Aircraft: RV-6. Injuries: 1 Fatal. Location: Paulden, Ariz. Aircraft damage: Destroyed.
What reportedly happened: The post-accident examination revealed oil along the bottom side of the fuselage and on the tailwheel. A friend of the pilot, who was also an aircraft mechanic, reported that prior to the accident flight he and the pilot found an oil leak originating from a stainless steel high-pressure oil line from the propeller governor to the forward area of the engine crankcase. The mechanic stated that he had removed the oil line and the pilot had it repaired by a local weld shop. After reinstallation of the oil line, the mechanic conducted an engine run and did not observe any oil leaks. The pilot then decided to fly the airplane around the area on a test flight. According to the mechanic, as the airplane departed the runway, he observed a trail of white smoke originating from the airplane. The mechanic radioed the pilot in flight, twice requesting that he return to the airport. The pilot stated that everything was fine and he was going to continue to a nearby airport. No further radio communication was received from the pilot. A witness to the crash said the RV-6 was at tree-top level and trailing white smoke when it pitched down and crashed.

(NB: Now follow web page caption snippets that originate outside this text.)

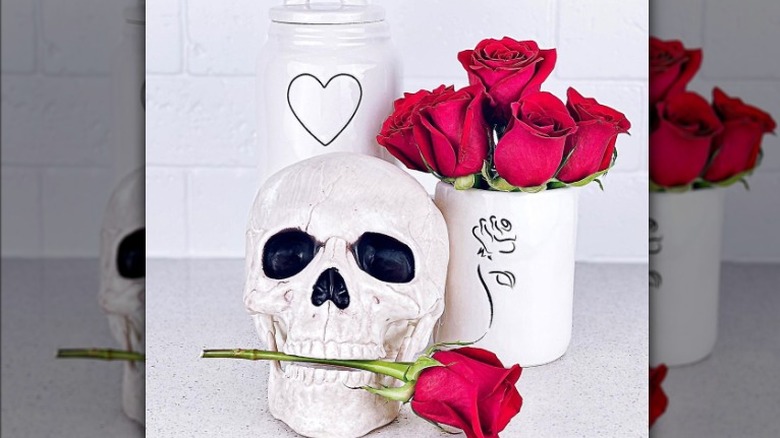 Skull with red roses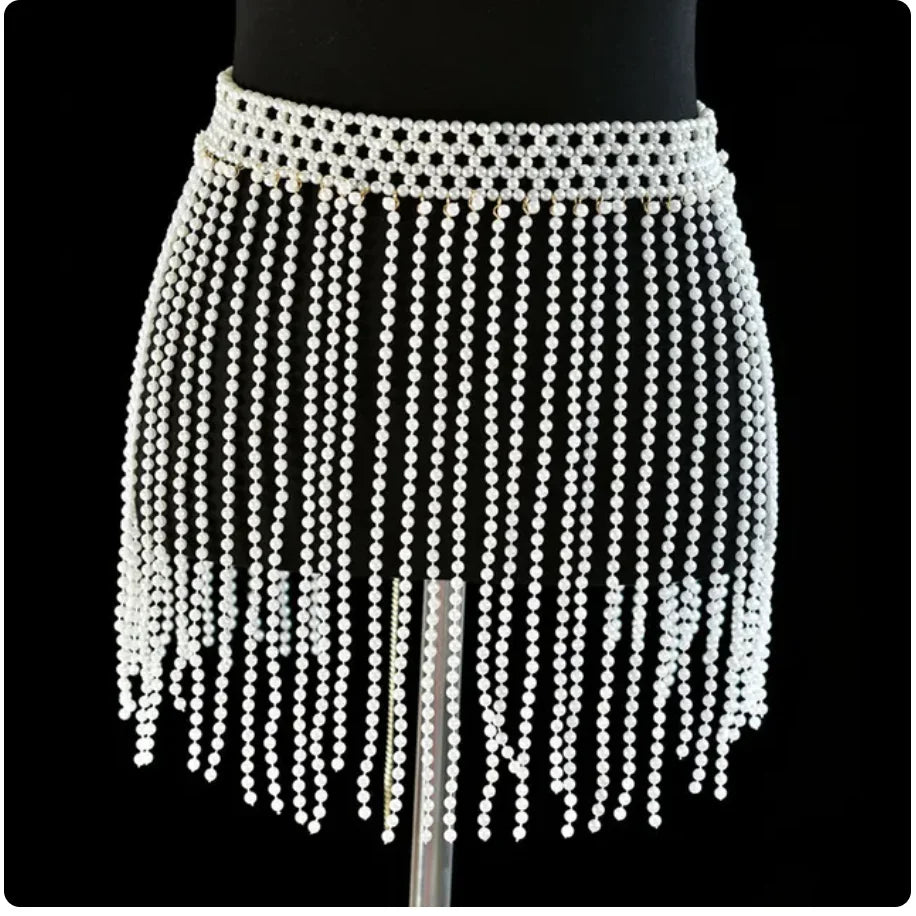 Simulated Pearl Bra & Skirt Body Jewelry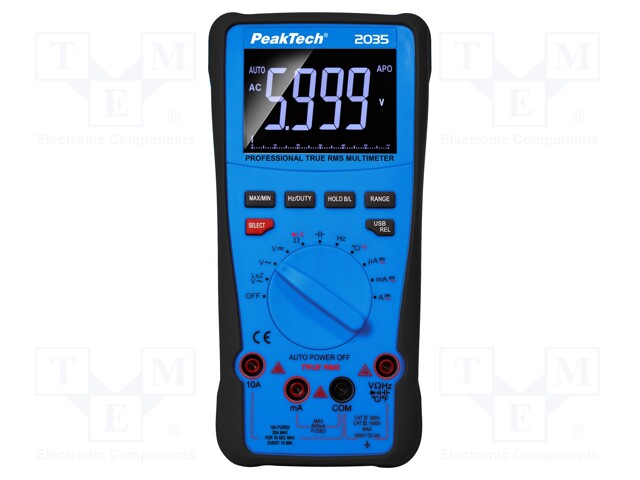 Digital multimeter; USB; LCD 3 5/6 digits (5999); -20÷1000°C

Examination of the engine revealed that the stainless steel high pressure oil line from the propeller governor was in place. The oil line exhibited a repair weld on the forward area of the line, and corresponding wear marks were observed on the engine crankcase. The oil line was removed and the forward end of the oil line was capped off using a bolt. The area of the weld was placed under water and compressed air pressure was applied to the opposite end of the oil line. A leak was observed originating from the area of the weld. Partial disassembly of the engine revealed that the number two connecting rod was separated from the crankshaft and exhibited signatures consistent with oil starvation.
Probable cause: A total loss of engine power due to oil starvation as a result of a leak from the inadequate weld repair of a high-pressure oil line. Also causal was the pilot’s failure to maintain adequate airspeed while maneuvering that resulted in a stall during an attempted off-field landing and the pilot’s decision to continue flight with a known discrepancy.